British industry has very few current schemes of major capital expenditure actually coming to fruition, whether the produce would be aimed at domestic or export markets. Yet, as is often mentioned in this blog, British firms are at least as innovative as at any time in history, but they are prone to alien takeover because there is a dearth of imaginative investment support in the country.
The media are celebrating the decision of BMW to keep production of the mini in the well-worn Oxford factory where it was first introduced six decades ago; but the electric engines for a new version will be imported from Germany. The innovatory element will not be British: typical of the international firms that use established plant in the UK. Even though manufacturing in Britain is continued, a foreign-owned firm can gather its cash reserves for use anywhere in the world while the UK factories are run down. So long as British labour is cheap, and the factory can be patched up, it can carry on. This is a dispiriting view, and not wholly typical of British plant today, but there is enough of it about to be worrying. The economy is increasingly enervated: lacking in energy, vigour or drive.

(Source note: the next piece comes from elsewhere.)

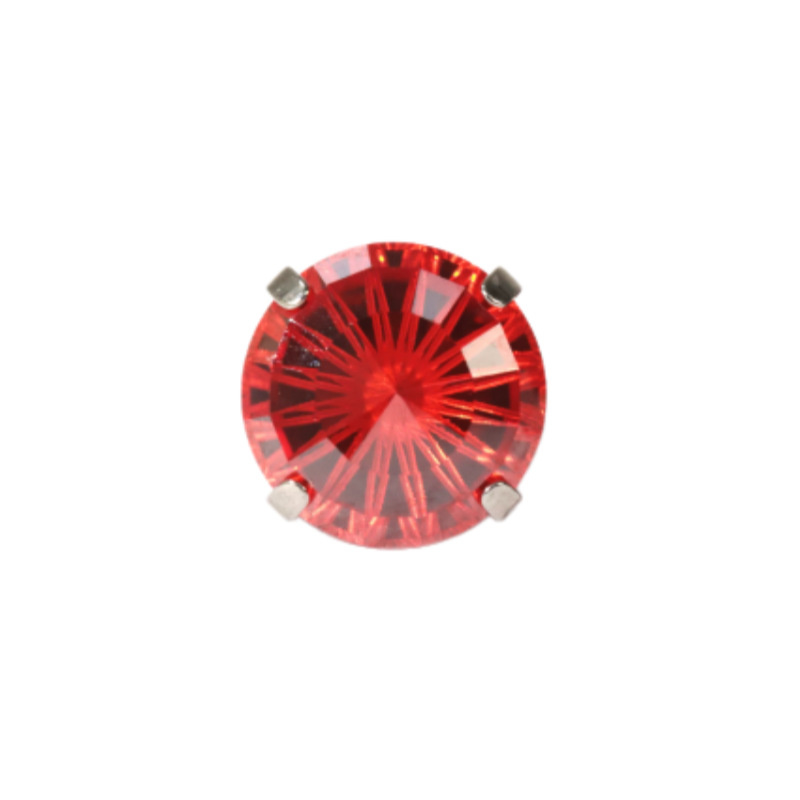 Silver pointed spike labret stud material detail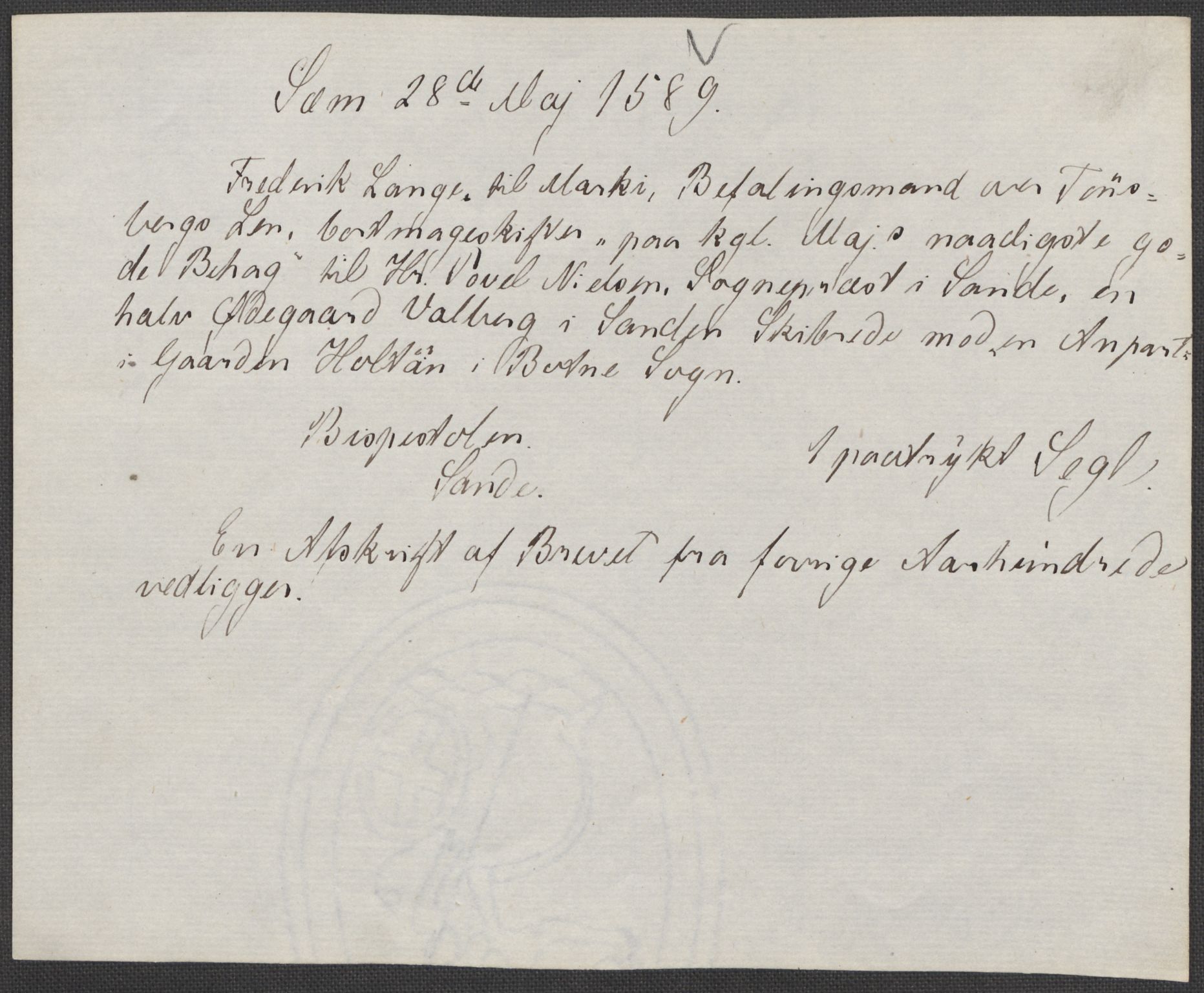 Riksarkivets diplomsamling, AV/RA-EA-5965/F15/L0021: Prestearkiv - Vestfold, 1573-1858, p. 11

The announcement that new petrol and diesel cars are to be phased out completely by 2024 is no surprise; but one automatically sets beside that announcement the lack of any coherent policy to generate the necessary cheap electric power to enable the masses to run their own vehicles in 2041. In virtually every aspect of the economy a lack of vigorous innovative energy is apparent. Even the Brexiteer ministers who are supposedly planning a bright future for the UK "outside the EU" show all the signs of physical exhaustion and intellectual stagnation: of enervation.
Then, today, we get the headline news that the male human sperm count has declined catastrophically, with the prediction that reproduction may become difficult to achieve by the time petrol cars are banned. That is a cheerless prospect!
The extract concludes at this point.